EXERCISE DETAILS: As you restate the entries, keep every word intact and leave out whatever images they hold.

MATERIAL FOR THIS EXERCISE:
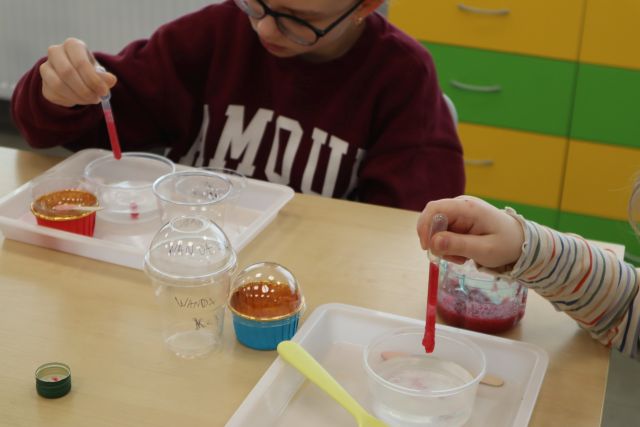 Na zdjęciu przy stoliku znajduje się dziewczynka, a po prawej stronie tylko ręka innej dziewczynki, obie za pomocą pipety wkraplają czerwoną ciecz do małych pojemniczków, które znajdują się na podstawkach przed nimi.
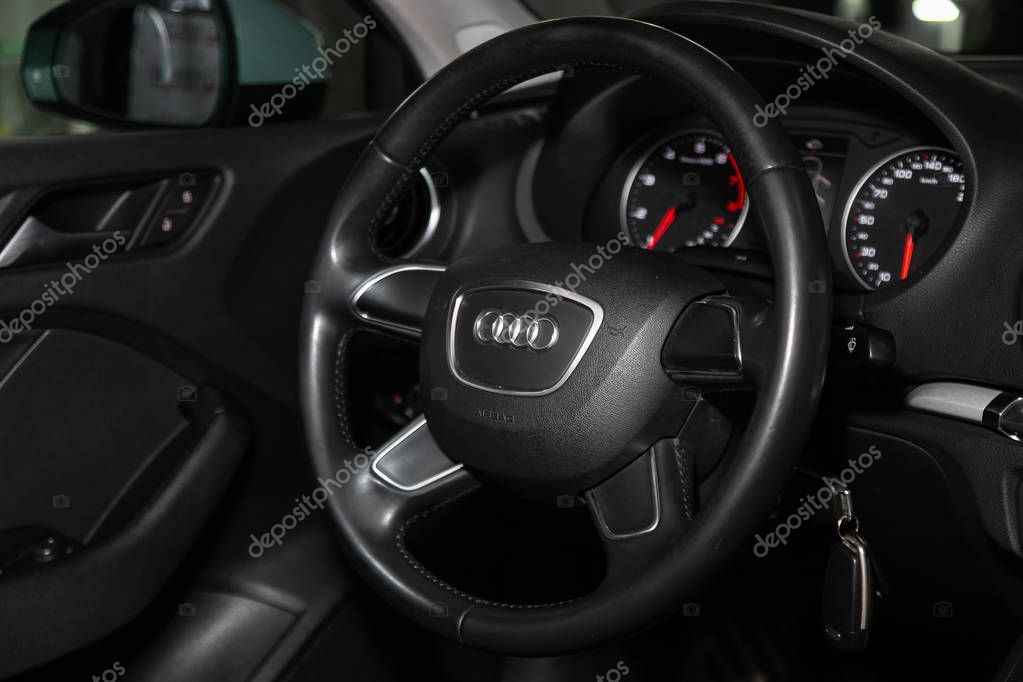 Novosibirsk, Russia   February 12, 2020:  Audi A3, dashboard, player, steering wheel with logo and buttons, speedometer and tachometer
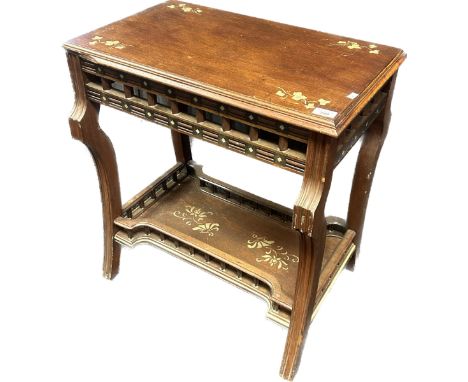 19th century table, the rectangular top above a bar frieze and lower gallery shelf, with gilt painted detail, raised on out s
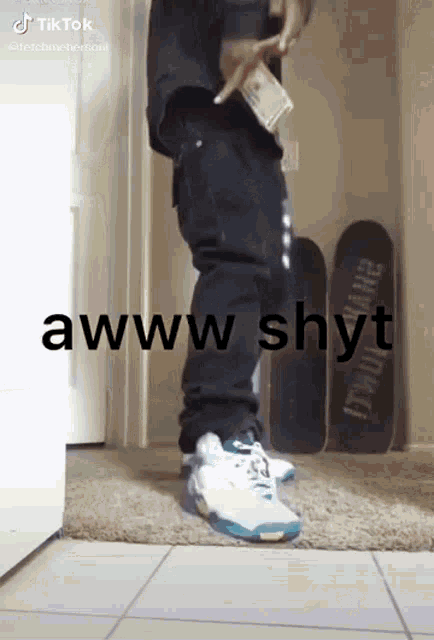 a man is standing in a hallway holding a bag of money and a skateboard .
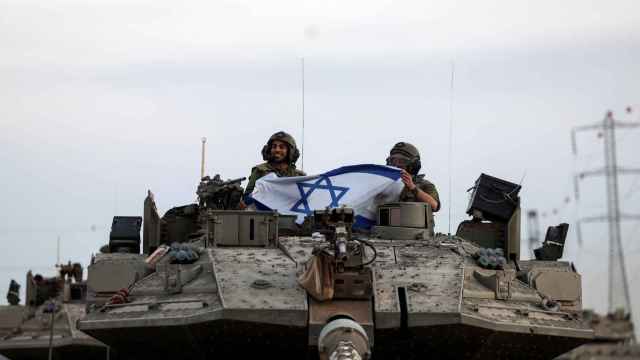 Soldados israelíes sostienen una bandera de Israel, cerca de la frontera con la Franja de Gaza.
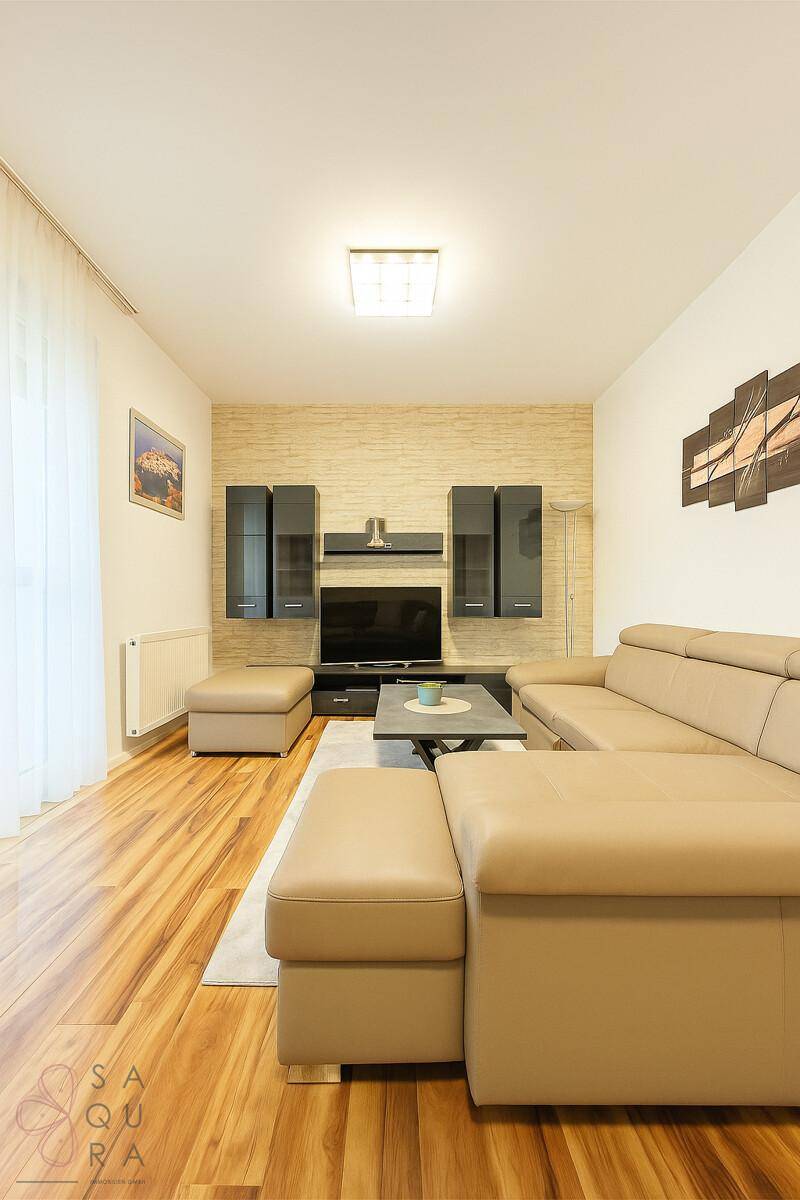 Helles Wohnzimmer mit beiger Ledercouch, Holzboden und stilvoller Wanddekoration.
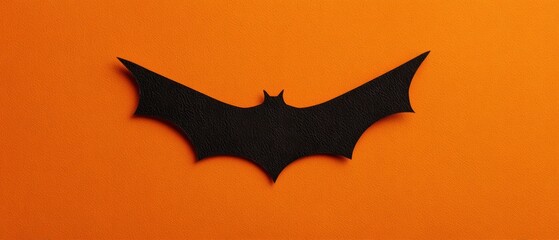 Naklejka premium The Bat Silhouette Cutout on Vibrant Orange Background for Halloween Decoration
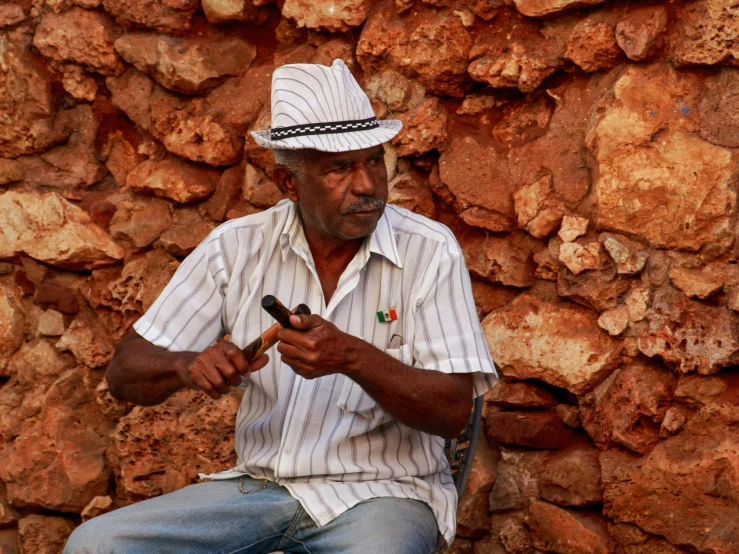 a man sitting down wearing a white hat while holding a cellphone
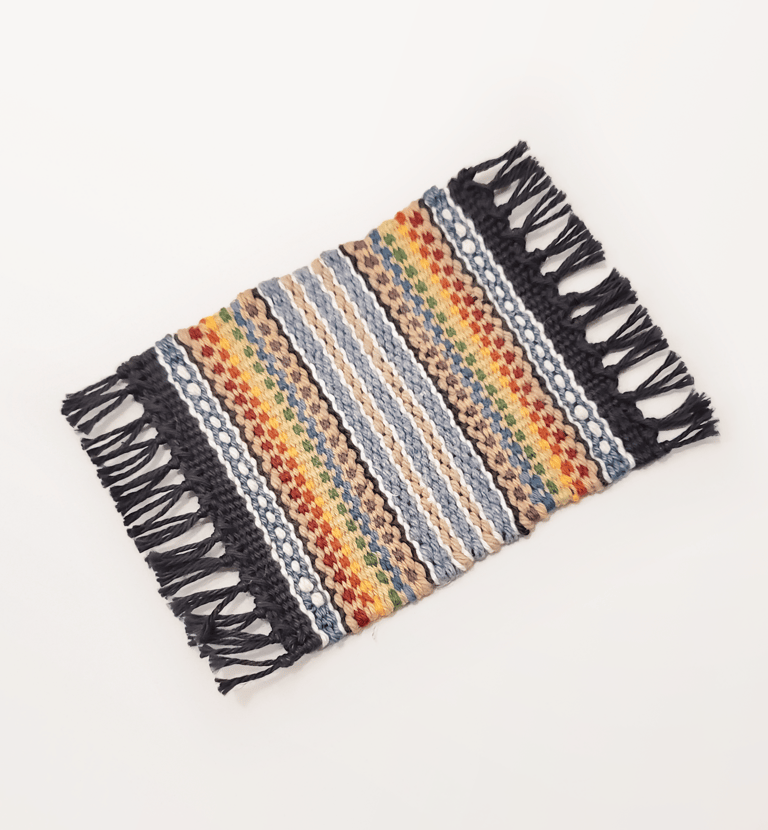 a hand-woven mug rug coaster with muted pride rainbow colours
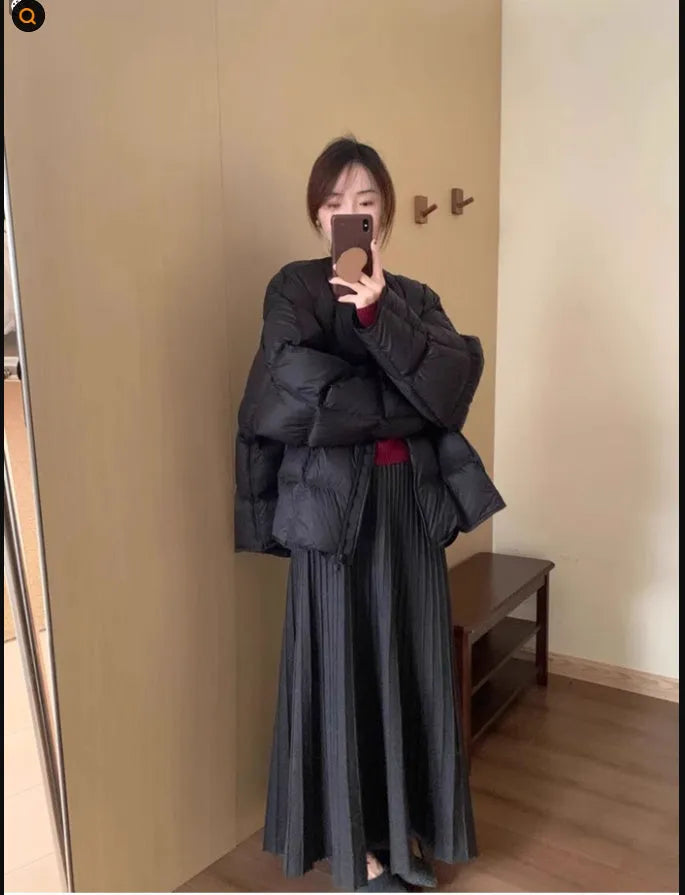 Dark grey knitted two-piece suit with 3D textured patterns, showing sweater and matching skirt
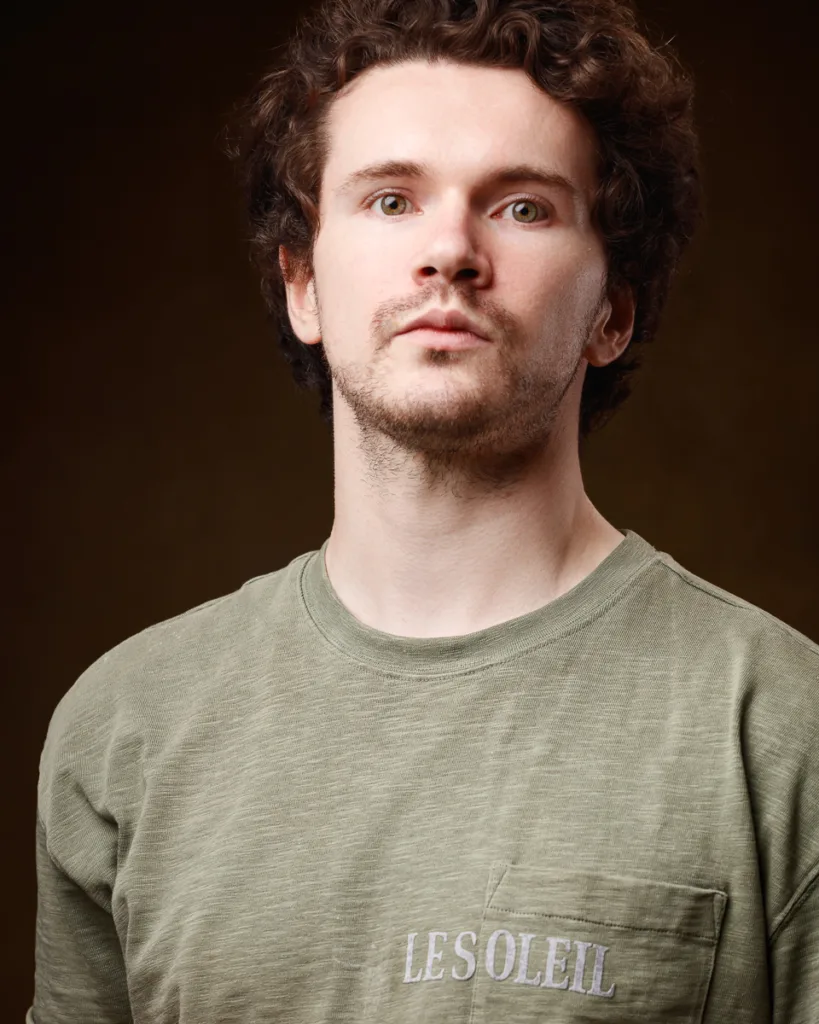 Man in green shirt with 'Le Soleil' print.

WRITTEN ANSWER:
 Na zdjęciu przy stoliku znajduje się dziewczynka, a po prawej stronie tylko ręka innej dziewczynki, obie za pomocą pipety wkraplają czerwoną ciecz do małych pojemniczków, które znajdują się na podstawkach przed nimi.
 Novosibirsk, Russia   February 12, 2020:  Audi A3, dashboard, player, steering wheel with logo and buttons, speedometer and tachometer
 19th century table, the rectangular top above a bar frieze and lower gallery shelf, with gilt painted detail, raised on out s
 a man is standing in a hallway holding a bag of money and a skateboard .
 Soldados israelíes sostienen una bandera de Israel, cerca de la frontera con la Franja de Gaza.
 Helles Wohnzimmer mit beiger Ledercouch, Holzboden und stilvoller Wanddekoration.
 Naklejka premium The Bat Silhouette Cutout on Vibrant Orange Background for Halloween Decoration
 a man sitting down wearing a white hat while holding a cellphone
 a hand-woven mug rug coaster with muted pride rainbow colours
 Dark grey knitted two-piece suit with 3D textured patterns, showing sweater and matching skirt
 Man in green shirt with 'Le Soleil' print.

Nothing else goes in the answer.